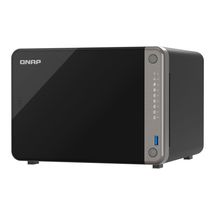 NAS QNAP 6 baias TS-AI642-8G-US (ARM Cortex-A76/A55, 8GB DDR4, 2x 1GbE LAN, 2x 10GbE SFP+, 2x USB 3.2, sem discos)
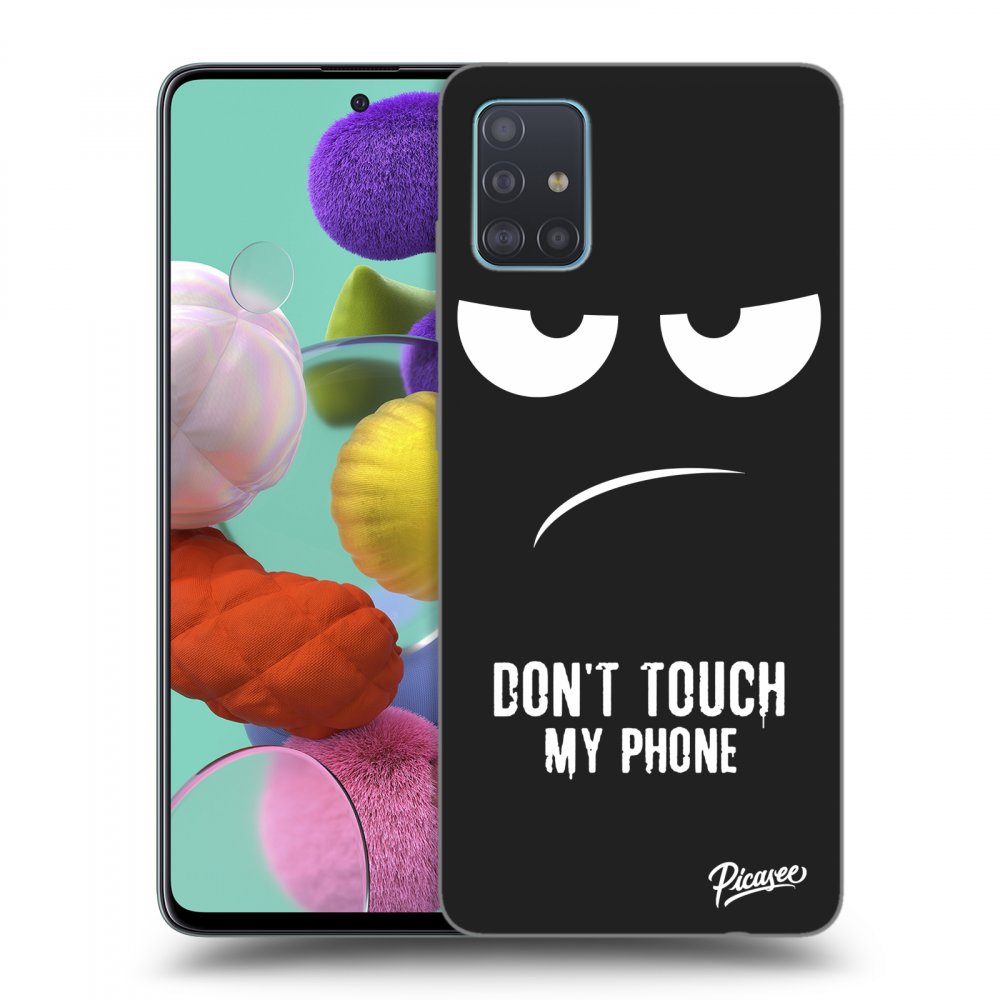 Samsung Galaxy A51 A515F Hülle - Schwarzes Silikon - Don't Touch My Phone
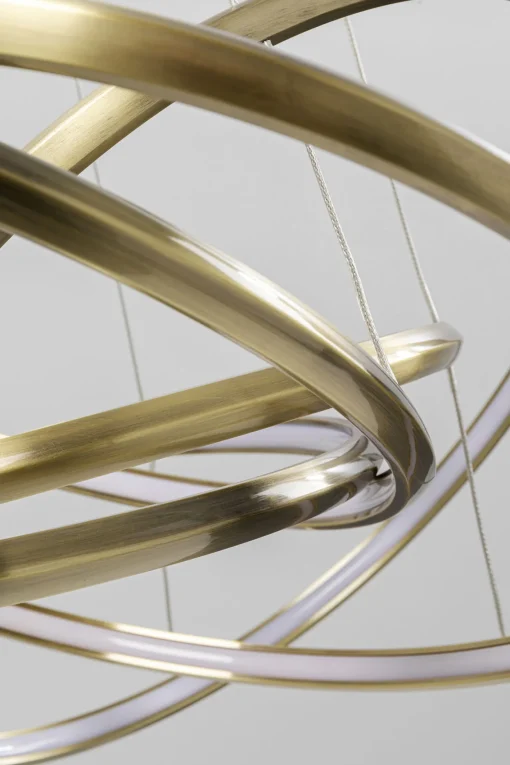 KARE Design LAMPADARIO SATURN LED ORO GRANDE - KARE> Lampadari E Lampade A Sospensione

**EXERCISE AIM**
Omit the pictures and give the material again, exactly and in full.

**EXERCISE OUTPUT**
 NAS QNAP 6 baias TS-AI642-8G-US (ARM Cortex-A76/A55, 8GB DDR4, 2x 1GbE LAN, 2x 10GbE SFP+, 2x USB 3.2, sem discos)
 Samsung Galaxy A51 A515F Hülle - Schwarzes Silikon - Don't Touch My Phone
 KARE Design LAMPADARIO SATURN LED ORO GRANDE - KARE> Lampadari E Lampade A Sospensione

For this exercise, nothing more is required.